Mesnevi nedir özellikleri nelerdir kaça ayrılır nasıl yazılır nerede ortaya çıkmıştır ilk mesnevi kime aittir?

MESNEVİ her beytinin dizeleri kendi aralarında uyaklı olan nazım türü. Beyit sayısı en az on iki olan mesnevi, çeşitli uzunlukta olabilir. Mesnevide uyak sıkıntısı olmadığı için, çoğunlukla öykü ya da öğretici nitelikte olan uzun konuların anlatımında kullanılır. Anlam genellikle beyitte tamamlanır. Uyak örgüsü “aa bb cc dd ...“biçimindedir.

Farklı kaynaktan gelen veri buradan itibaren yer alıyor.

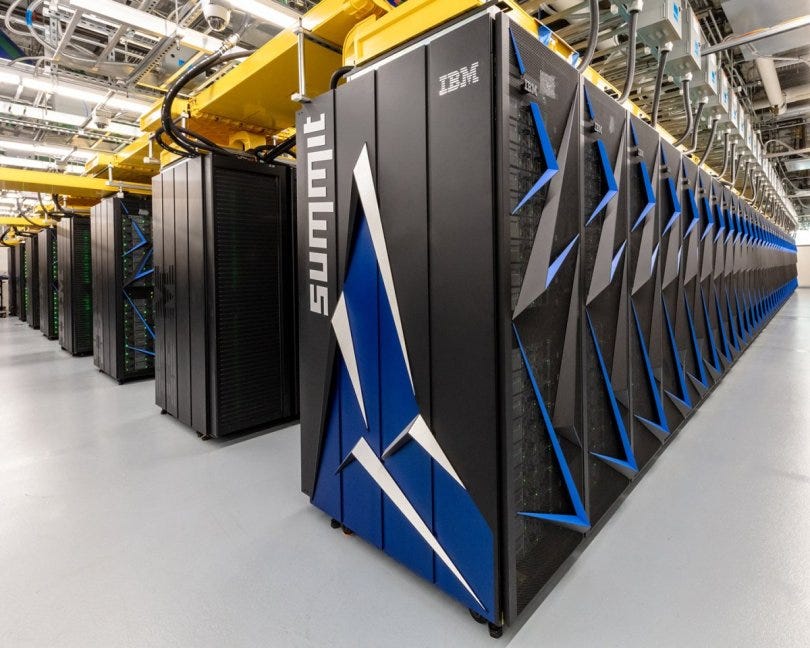Summit is the world's fastest super computer.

Mesneviler, konularına göre üç bölüme ayrılabilir. Destansı mesneviler (Firdevsi’nin Şehname’si ve benzerleri); öğretici mesneviler (Nabi’nin Hayriye’si vb.); dini ve tasavvufi mesneviler (Mevlana’nın Mesnevi’si, Fuzuli’nin Leyla ile Mecnun’u vb.). Ayrıca padişahların savaşlarını, kentleri anlatan eserler ve bazı yergiler de mesnevi biçiminde yazılmıştır.

Mesnevi, İran edebiyatında ortaya çıkmış bir nazım türüdür. İran edebiyatından Arap ve Türk edebiyatlarına geçmiştir. Türk edebiyatında ilk mesnevi, Yusuf Has Hacib’in Kutadgu Bilig (Kutlu Olma Bilgisi) adlı eseridir.

Osmanlı edebiyatında mesnevi türünde başarılı eserler veren başlıca ozanlar şunlardır: 13. yüzyılda Şeyyad Hamza (Yusuf ile Züleyha), Mevlana (Mesnevi), Yunus Emre (Vesilet-ün-Necat); 14. yüzyılda Aşık Paşa (Garipname), Ahmedi (İskendername), Hoca Mesut (Süheyl ü Nevbahar); 15. yüzyılda Süleyman Çelebi (Vesilet-ün Nebi, mevlit), Şeyhi (Hüsrev ü Şirin), Ali Şir Nevai (Sedd-i İskender); 16. yüzyılda Fuzuli (Leyla ile Mecnun); 17. yüzyılda Nabi (Surname); 18. yüzyılda Şeyh Galip (Hüsn ü Aşk).

Batı uygarlığının etkisinde gelişen yeni Türk Edebiyatı döneminde bu nazım türü genel olarak kullanılmamıştır.